TITLE:"Off The Map"AUTHOR:Joan Ackermann
GENRE:DramaCIRCA:1971
LOCATION:New MexicoPAGES:97
SUB TO:****SUB BY:****
READER:SCDATE:March 5, 2001

LOGLINE: precocious 11-year-old girl befriends a budding artist to cope with her father's depression.

COMMENT SUMMARY: "Off the Map" is an uncommon, impressionistic drama that succeeds in weaving characters, art, and the deserts of northern New Mexico into a uniquely affecting screenplay. The story is both simple and elusive. This is not a script that breaks down into typical acts and plot points. It is easy, initially, to view the story as episodic and unstructured. However, the story gradually gains weight and momentum, even as it appears deeply rooted in the most ordinary of life's aspects. The script's greatest triumph is its characters. Bo, the child protagonist, absolutely comes alive. Both her parents, and the mysterious William Gibbs, evolve into three dimensional human beings. The characters are constantly surprising, touching, and human. The dialogue is outstanding—with the notable exception of the adult Bo, whose poetic voice over occasionally sounds overblown. Structurally, the script is atypical yet effective. The story is arranged around theme and character, not events. The setting is a vivid and vital part of the whole.


Excellent Good Fair Poor
Story: X X
Characters: X
Dialogue: X
Structure: X
Setting: X X

BUDGET: Medium/Low

RECOMMENDATION: Recommended

SYNOPSIS: ADULT BO, late thirties, holds a card labeled, "Memorial Service" in Salt Lake City. Dissolve to Northern New Mexico, where BO, eleven years old, lives in open country with her parents, ARLENE and CHARLEY. Charley is suffering from deep depression. Arlene gets a letter saying the IRS is auditing them. This is funny; the family lives in poverty, earning only a few thousand dollars a year.
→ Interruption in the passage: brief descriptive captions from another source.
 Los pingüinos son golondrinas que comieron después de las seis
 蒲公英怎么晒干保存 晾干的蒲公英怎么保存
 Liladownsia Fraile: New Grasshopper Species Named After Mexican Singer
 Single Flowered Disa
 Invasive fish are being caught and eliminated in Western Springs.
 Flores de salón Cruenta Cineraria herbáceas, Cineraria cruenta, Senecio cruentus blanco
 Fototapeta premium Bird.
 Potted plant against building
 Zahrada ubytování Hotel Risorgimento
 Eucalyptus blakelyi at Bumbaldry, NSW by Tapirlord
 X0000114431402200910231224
Later, as Arlene works, naked, in her garden, IRS man WILLIAM GIBBS arrives. William, 28, has been walking for hours looking for Charley and Arlene's farm. William is struck by the beauty of the landscape--and Arlene. He explains who he is. Arlene is friendly, not at all concerned or hostile. A hornet stings William. He has an allergic reaction and collapses. Arlene brings him in. She and Bo care for him while he is unconscious.

Bo is fascinated by William. She asks him many questions about the outside world. She is particularly interested in the Ocean: what does it look like? When William recovers, he learns that his car (parked miles away) has been stripped. Arlene says she'll take him to the junkyard to find parts for it. William tells Arlene that he loves her. Arlene thanks him, but cautions him, saying New Mexico is a powerful place which easily overwhelms outsiders. She invites William to stay as long as he likes. William accepts her offer.
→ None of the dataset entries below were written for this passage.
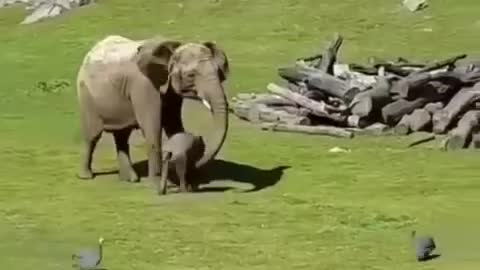 Funny baby elephant
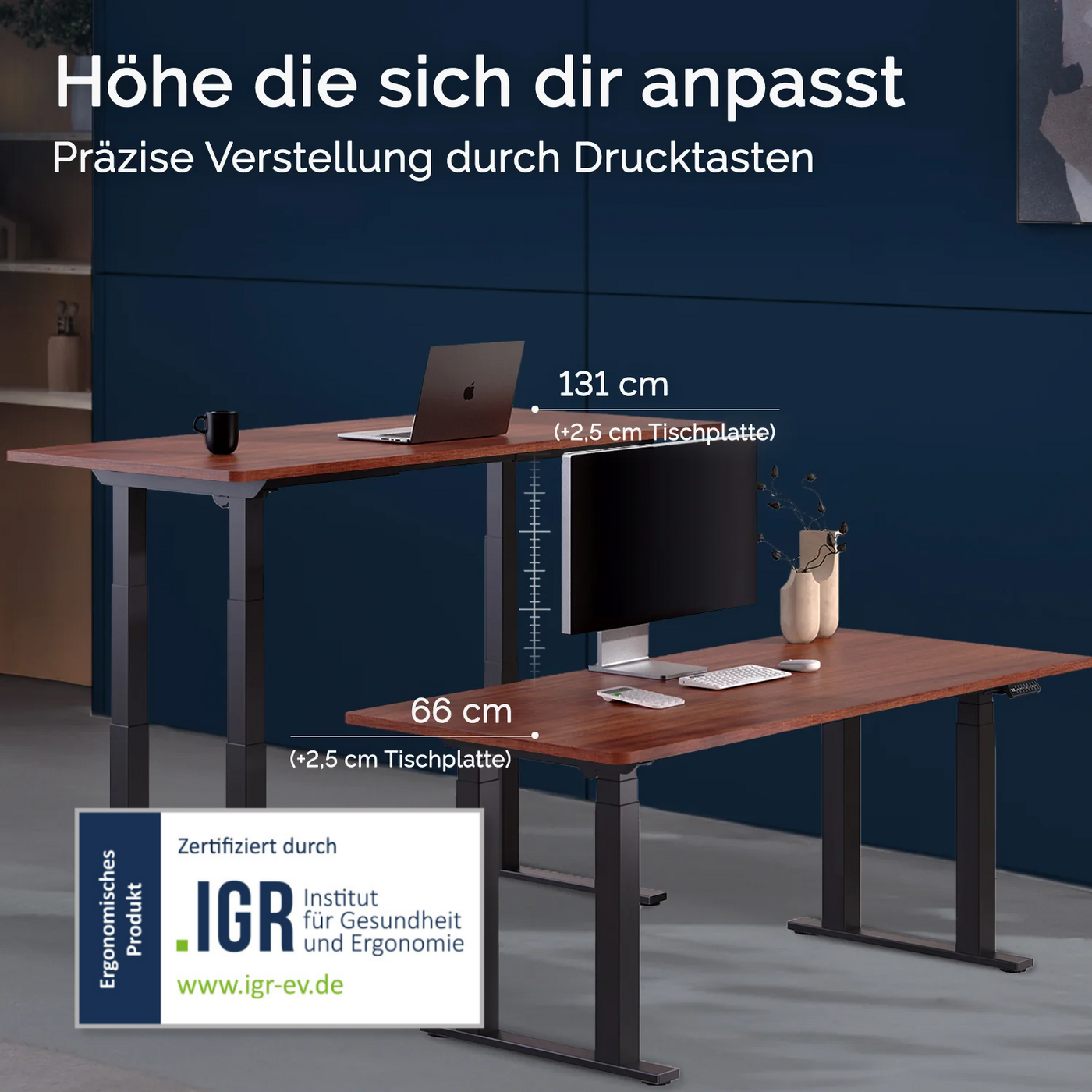 DESKSPACE Titan elektrisch höhenverstellbarer Schreibtisch mit 4 stabilen Beinen, Dual-Motor-Antrieb, 200 kg Tragkraft, Memory-Steuerung und modernem Design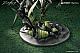OMAHA Etona STD Edition 1/6 Plastic Figure gallery thumbnail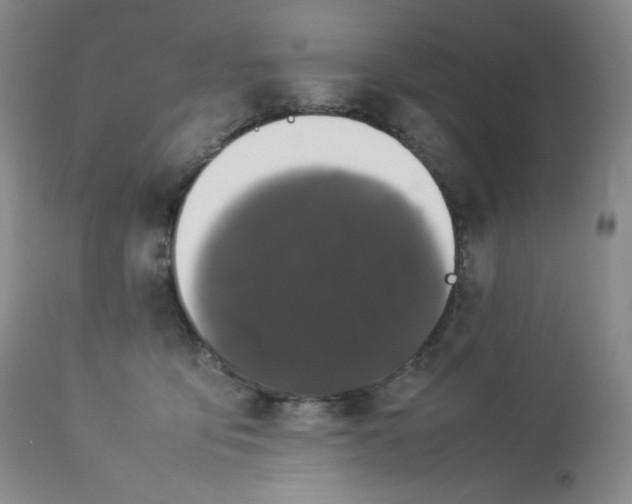 X0000112850419200909111450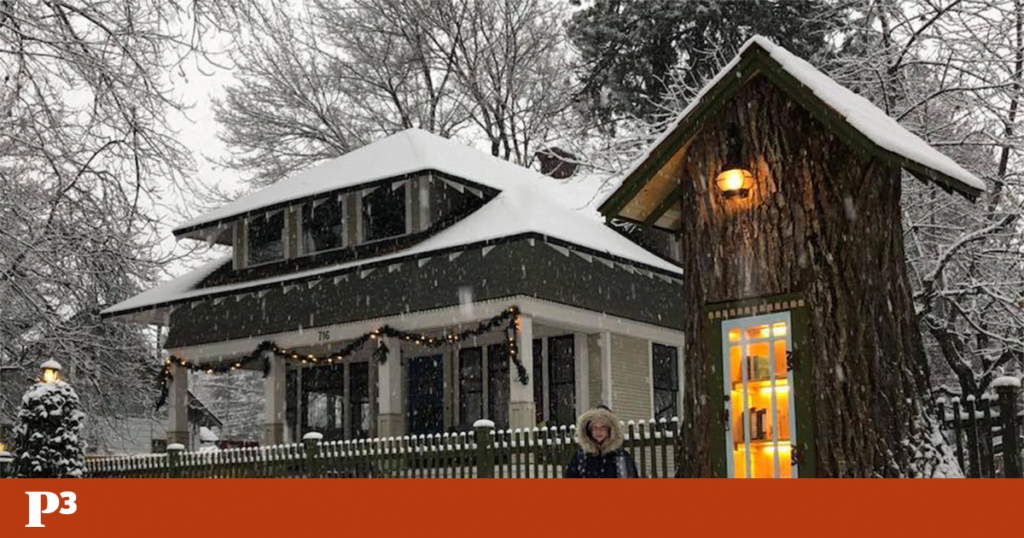 Esta árvore deixou de dar sombra — e começou a dar livros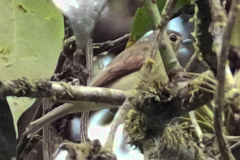 Pachyramphus versicolor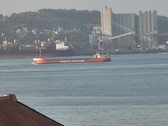 Enlarge photo 230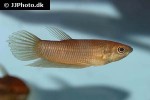 betta renata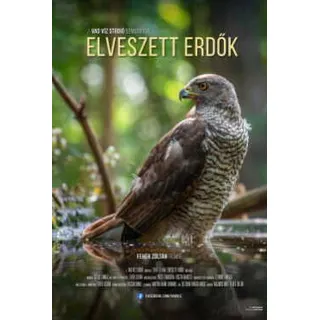 Elveszett erdők poszter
William is amazed by how Bo and her family live without money. They live off the land, making or salvaging all the goods they need. William also continues to be awed by the desert landscape. He begins a nude sketch of Arlene, then covers it over with blue paint. Two and a half weeks later, he finished the painting, a thirty-one foot long panorama of the ocean for Bo. Arlene, meanwhile, has figured out all the penalties they owe the IRS. She gives the figures to William. He says he doesn't work for the IRS any more.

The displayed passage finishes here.